**EXERCISE GOAL**
The result should be the listing below, restated exactly, with its pictures left out.

**COLLECTED MATERIAL**
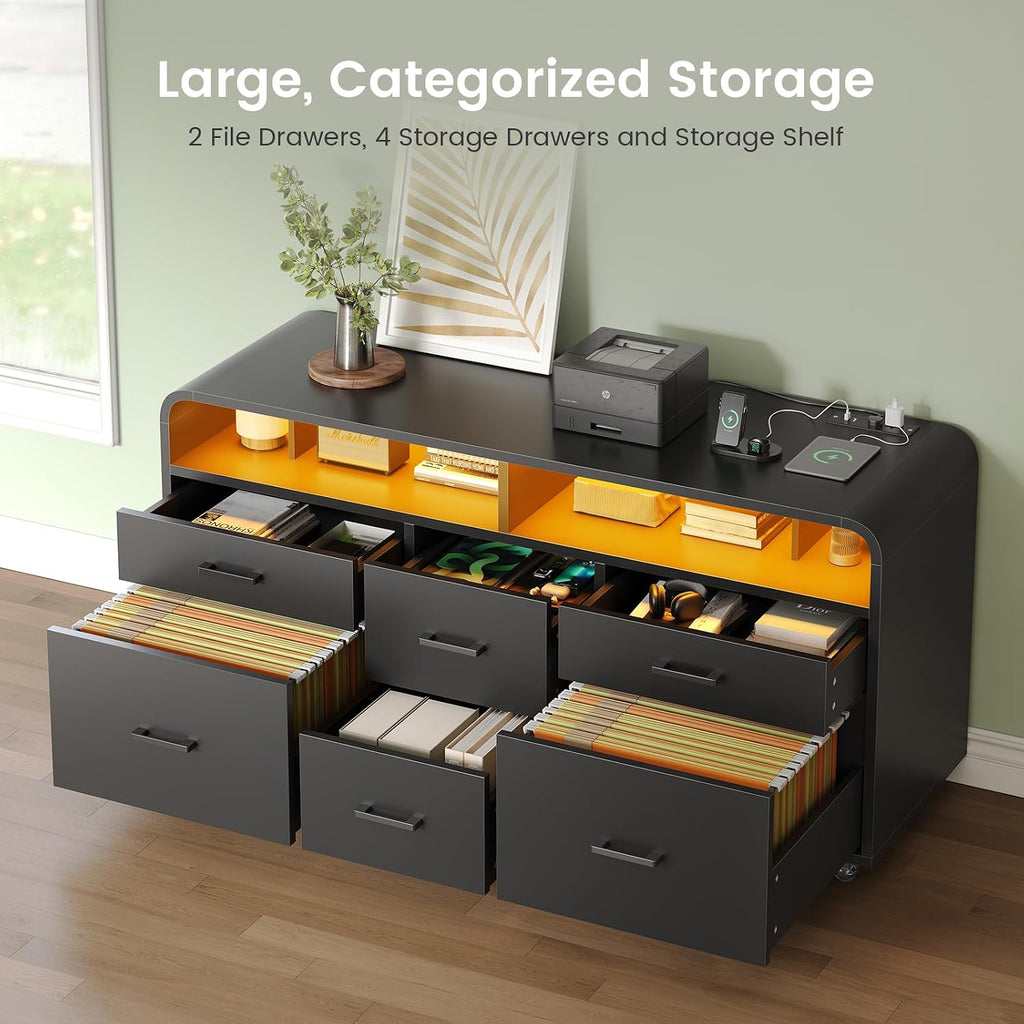 6 Drawers File Cabinet with Power Strip fits Legal/Letter/A4 Size | 47" Wood Mobile Lateral Filing Cabinet , Printer
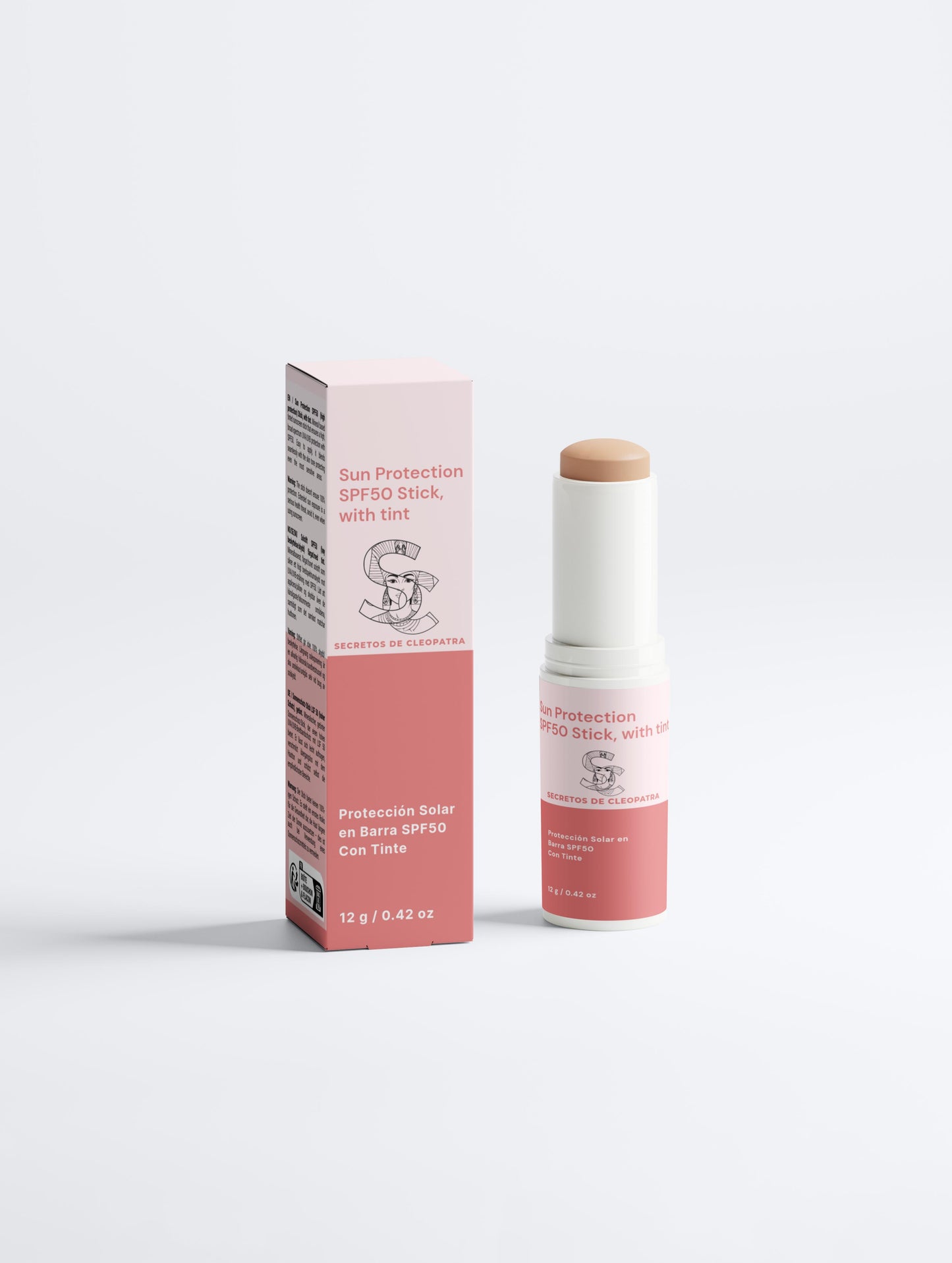 Protector Solar Mineral en Barra SPF50 Con Tinte – Amplio Espectro, Fácil de Aplicar y Apto para Piel Sensible (Sun Protection SPF50 Stick, with tint)
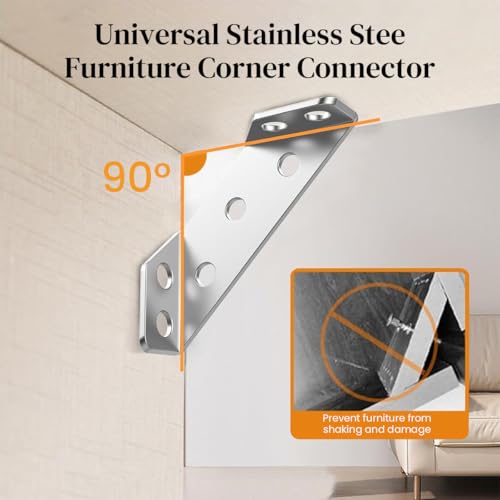 Serplex® 20Pcs Shelf Brackets with 120pcs Screws Multi Hole Brackets Stainless Steel Furniture Corner Connectors 1.1MM Thickening Heavy-Duty Triangle Brackets for Connecting, Wall Mounting - Image 5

**THE COMPLETED TASK**
 6 Drawers File Cabinet with Power Strip fits Legal/Letter/A4 Size | 47" Wood Mobile Lateral Filing Cabinet , Printer
 Protector Solar Mineral en Barra SPF50 Con Tinte – Amplio Espectro, Fácil de Aplicar y Apto para Piel Sensible (Sun Protection SPF50 Stick, with tint)
 Serplex® 20Pcs Shelf Brackets with 120pcs Screws Multi Hole Brackets Stainless Steel Furniture Corner Connectors 1.1MM Thickening Heavy-Duty Triangle Brackets for Connecting, Wall Mounting - Image 5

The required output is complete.